Choices and units of measure
Whatever the outcome from Brussels around ‘Euro 7’, in terms of CO2 engine emissions limits, the industry is equally concerned about proposed measures. As Iveco product director Martin Flach puts it: “None of us wants to see copy and paste job that simply mimics the car CO2 emissions measures. That’s where current van gm/km CO2 emissions data is so wrong. It’s meaningless and it’s also misleading.”
Flach explains that for CO2 numbers to make any sense in transport, the industry needs any measurement to recognise a ‘utility factor’, such as tonnes or cube of goods carried. “A small car may weigh half a tonne and show 100gm/kn CO2, but that equates to 200gm/tonne.km. A raw CO2 figure for an artic would obviously be worse, but take account of goods carried and a realistic measure would show, say, 30gm/tonne.km.”

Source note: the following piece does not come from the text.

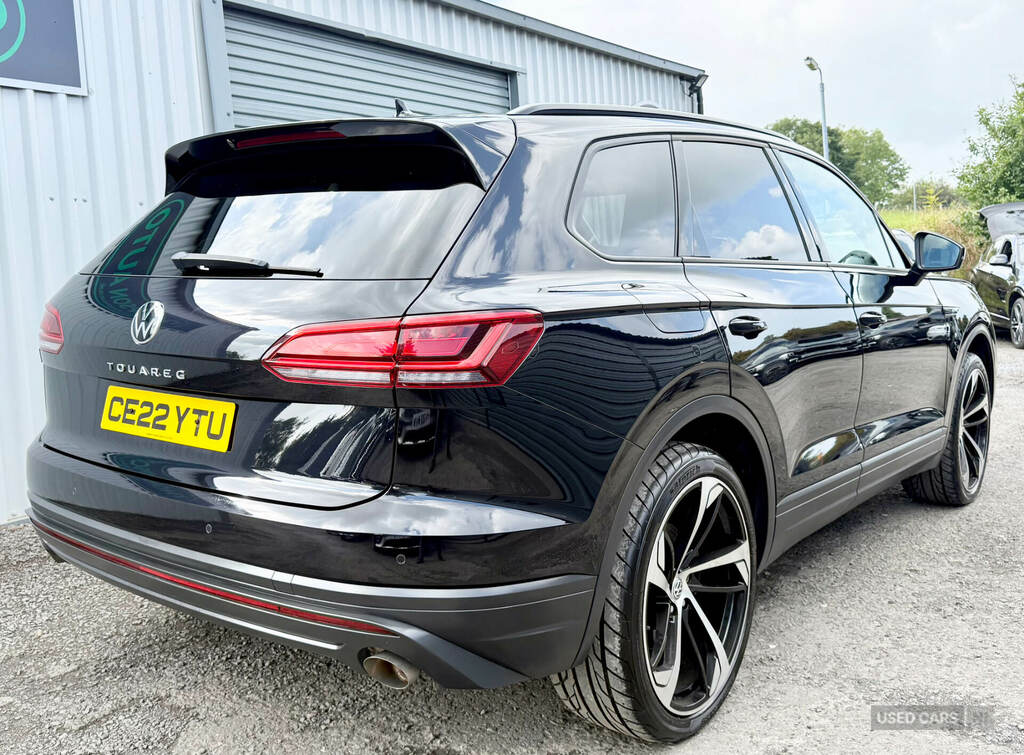 Volkswagen Touareg 3.0 V6 Tdi 4Motion Se Tip Black #4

That proves what we already know: moving goods around in bulk on low numbers of vehicles is greener than using shed loads of small vans. And note that the EU’s VECTO (Vehicle Energy consumption Calculation Tool) – aimed at helping purchasers predict CO2 emissions – may also be of limited use. Its essential dependence on simulation (to handle commercial vehicles’ massive numbers of relevant permutations) inevitably means assumptions and hence inaccuracies.
But there’s another related point – and that concerns which emissions should be mandated where. Given the trade-off between NOx and CO2, surely it makes sense to think outside the box? “Legislators and politicians just don’t seem to understand,” argues Flach. “If you drive into London, you get a congestion charge reduction for vehicles with low CO2 emissions – but that’s an indicator of global warming not air quality in London.”
So if we’re serious about both issues, why not refocus the penalties and incentives? For Flach and many others, low NOx and particulates in cities – as per the LEZ (Low Emission Zone) and ultimately ULEZ (Ultra Low Emission Zone) – is a good way to go. But equally, low CO2 (accepting slightly higher NOx and particulates) ought to be the target for freight on motorways, where mileages are high, so the impact on fossil fuels and the ozone layer greatest.
And by way of addendum, DAF marketing manager Phil Moon notes that extending delivery periods – taking advantage of PIEK-certified quieter truck engines and bodies – would reduce both CO2 and pollutants. “Running large vehicles into urban environments, but outside peak times minimises congestion, is the most efficient and environmentally friendly way to deliver goods. Not only are all emissions minimised, because vehicles don’t get stuck in traffic, but also congestion is reduced.”